----- TASK INPUTS -----
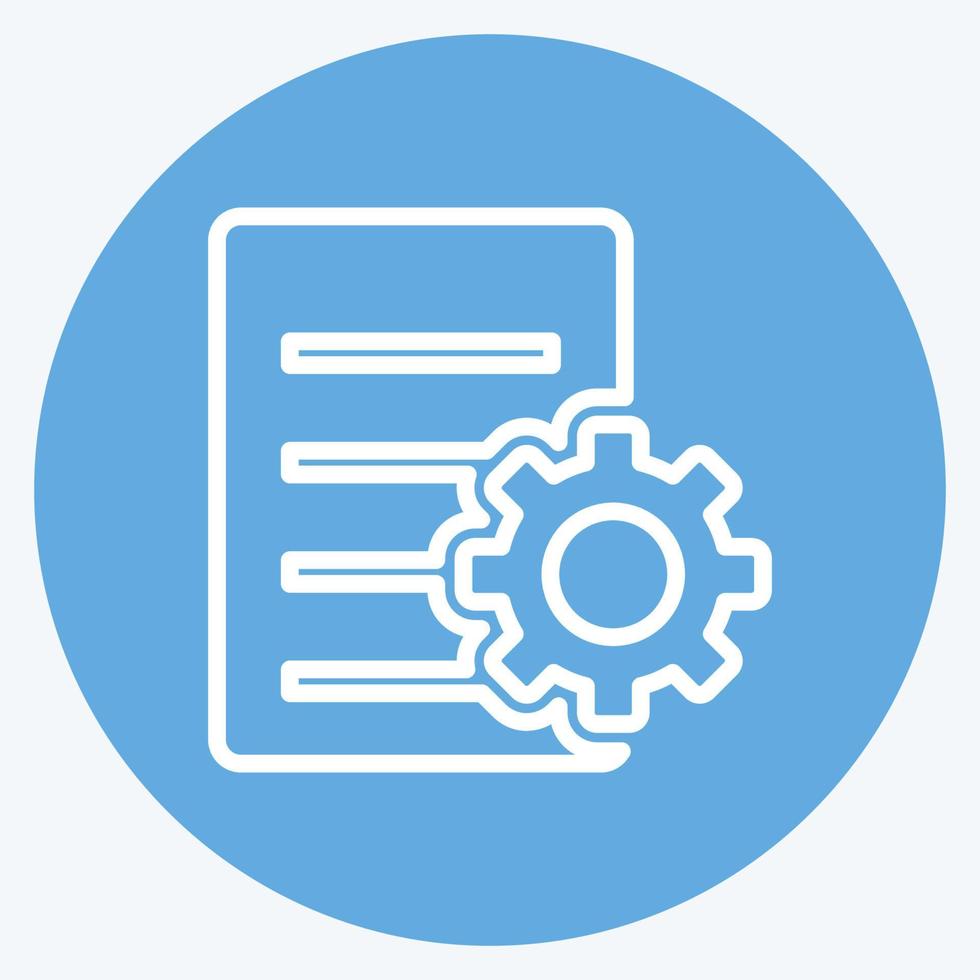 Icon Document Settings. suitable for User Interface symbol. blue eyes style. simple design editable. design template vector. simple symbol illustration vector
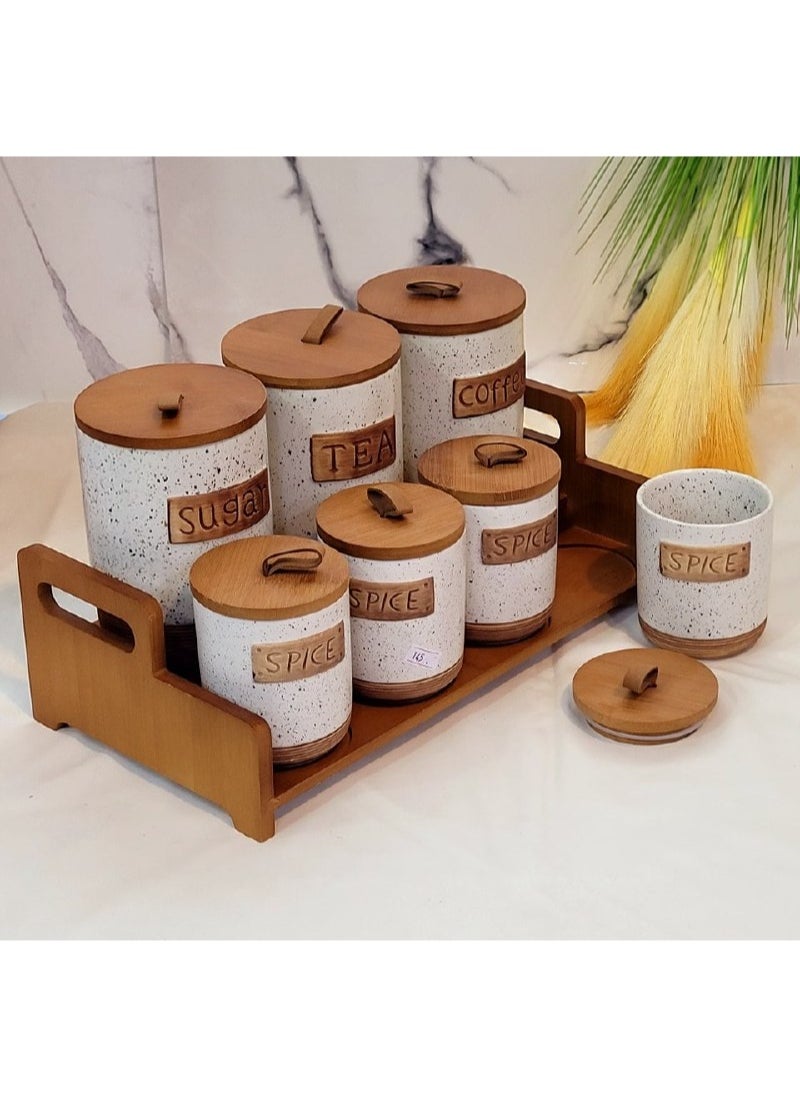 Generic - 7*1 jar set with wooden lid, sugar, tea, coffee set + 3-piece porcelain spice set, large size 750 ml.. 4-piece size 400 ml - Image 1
-----
----- TASK INPUTS -----
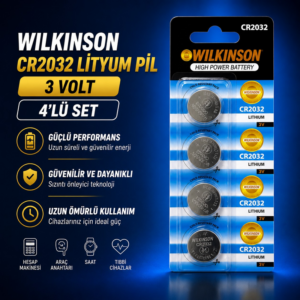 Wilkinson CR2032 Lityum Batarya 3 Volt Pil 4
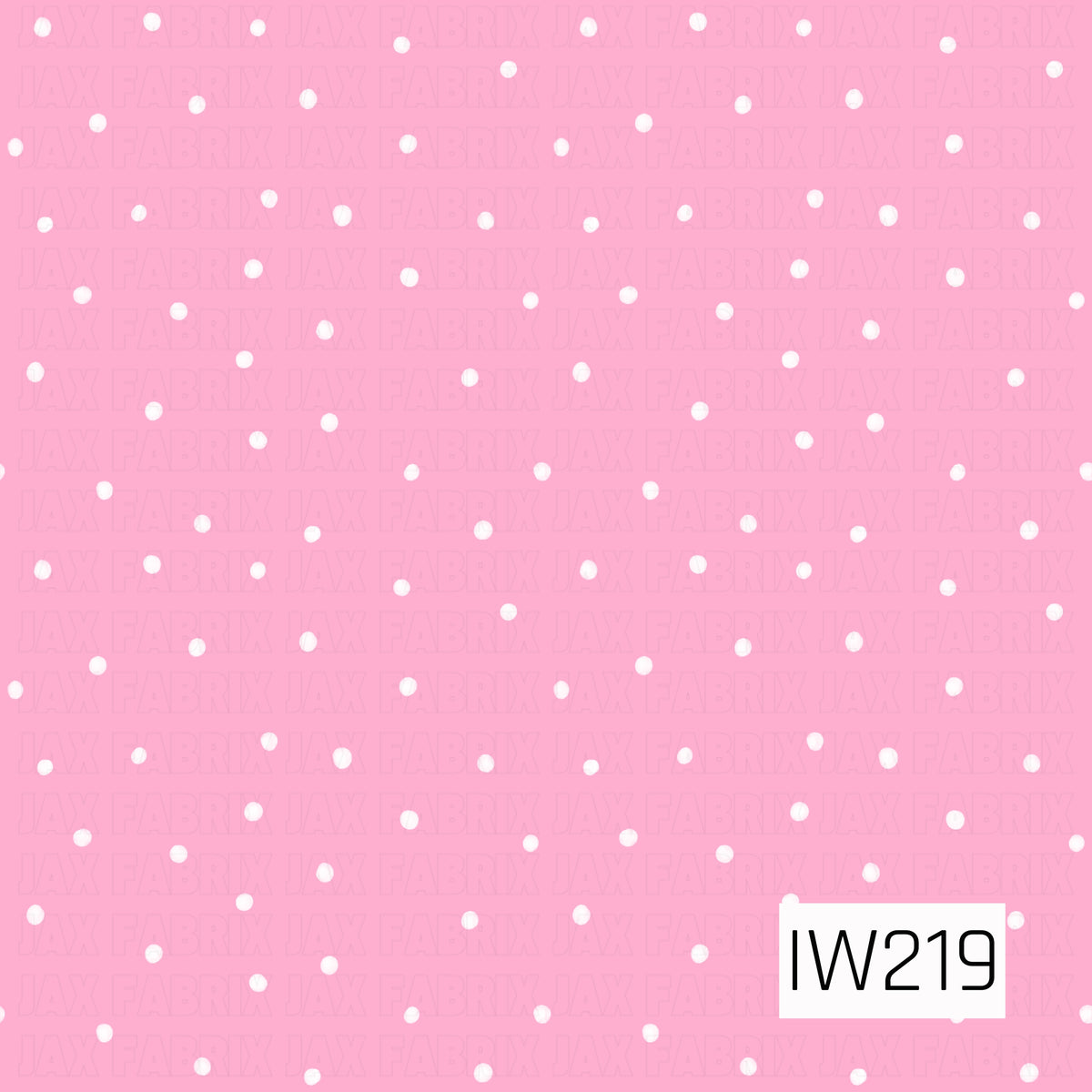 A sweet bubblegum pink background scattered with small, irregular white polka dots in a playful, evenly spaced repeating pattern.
-----
WHAT TO WORK ON => Go back to the listing above and reproduce, exactly, the stretch from the line bearing "Icon Document Settings." through the line bearing "Generic - 7*1", without its pictures.

TASK ANSWER =>
 Icon Document Settings. suitable for User Interface symbol. blue eyes style. simple design editable. design template vector. simple symbol illustration vector
 Generic - 7*1 jar set with wooden lid, sugar, tea, coffee set + 3-piece porcelain spice set, large size 750 ml.. 4-piece size 400 ml - Image 1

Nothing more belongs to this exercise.